The defaultdict tends to win for counting and grouping workloads, primarily because d[k] += 1 on a defaultdict resolves to a single __getitem__ call that either finds the key (fast hash table lookup) or calls the C-level __missing__ implementation. There is no Python-level branching, no second lookup, and no wasted object allocation. The margin varies by hardware and Python version; try/except is competitive when keys are overwhelmingly present, and dict.get() can close the gap in some configurations.

Pro Tip

The belief that defaultdict is categorically faster than setdefault is a myth. When keys already exist (the “hot path” in a pre-populated dictionary), setdefault() can match or beat defaultdict because it avoids subclass dispatch overhead. Profile your specific workload before optimizing.

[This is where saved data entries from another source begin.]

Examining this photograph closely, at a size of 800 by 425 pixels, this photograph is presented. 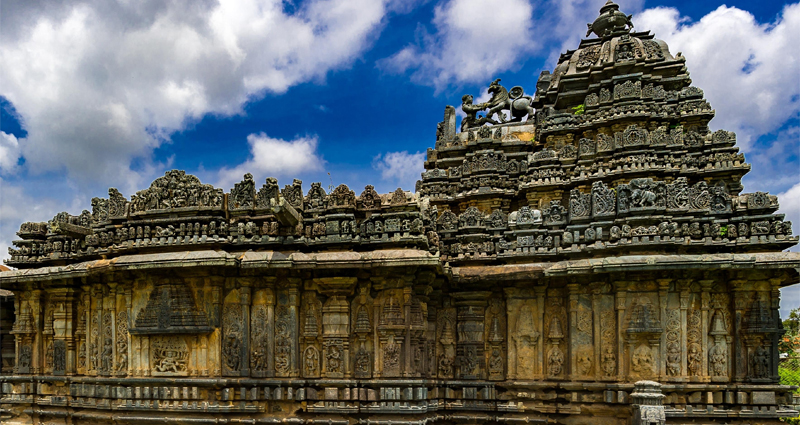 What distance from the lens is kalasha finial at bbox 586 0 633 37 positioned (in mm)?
16062

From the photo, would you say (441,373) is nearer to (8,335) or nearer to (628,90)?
(628,90)

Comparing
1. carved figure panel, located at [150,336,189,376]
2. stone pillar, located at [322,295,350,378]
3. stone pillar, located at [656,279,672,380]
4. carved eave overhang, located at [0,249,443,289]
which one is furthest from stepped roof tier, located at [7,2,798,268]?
carved figure panel, located at [150,336,189,376]

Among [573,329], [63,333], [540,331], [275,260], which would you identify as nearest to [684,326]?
[573,329]

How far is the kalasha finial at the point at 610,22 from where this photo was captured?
16.1 metres

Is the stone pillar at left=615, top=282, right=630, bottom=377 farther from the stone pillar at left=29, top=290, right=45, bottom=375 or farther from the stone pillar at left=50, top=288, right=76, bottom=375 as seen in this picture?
the stone pillar at left=29, top=290, right=45, bottom=375

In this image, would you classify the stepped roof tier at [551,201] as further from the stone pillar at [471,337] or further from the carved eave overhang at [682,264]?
the stone pillar at [471,337]

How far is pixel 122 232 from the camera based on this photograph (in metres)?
10.2

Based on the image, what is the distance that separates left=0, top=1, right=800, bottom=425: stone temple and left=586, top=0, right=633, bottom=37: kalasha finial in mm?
7537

The Gotchas: When defaultdict Bites You

Gotcha 1: Silent Key Creation Breaks Containment Checks

from collections import defaultdict

config = defaultdict(str)
config["host"] = "localhost"
config["port"] = "5432"

# Later, someone checks for an optional key:
if config["timeout"]:
    print("Timeout is set")

# Now config has a "timeout" key with value "", and len(config) is 3
Warning

Checking for key existence with d[key] instead of key in d silently pollutes the dictionary. For configuration objects, API responses, or any data structure where the set of keys is semantically meaningful, a regular dict with explicit .get() is safer.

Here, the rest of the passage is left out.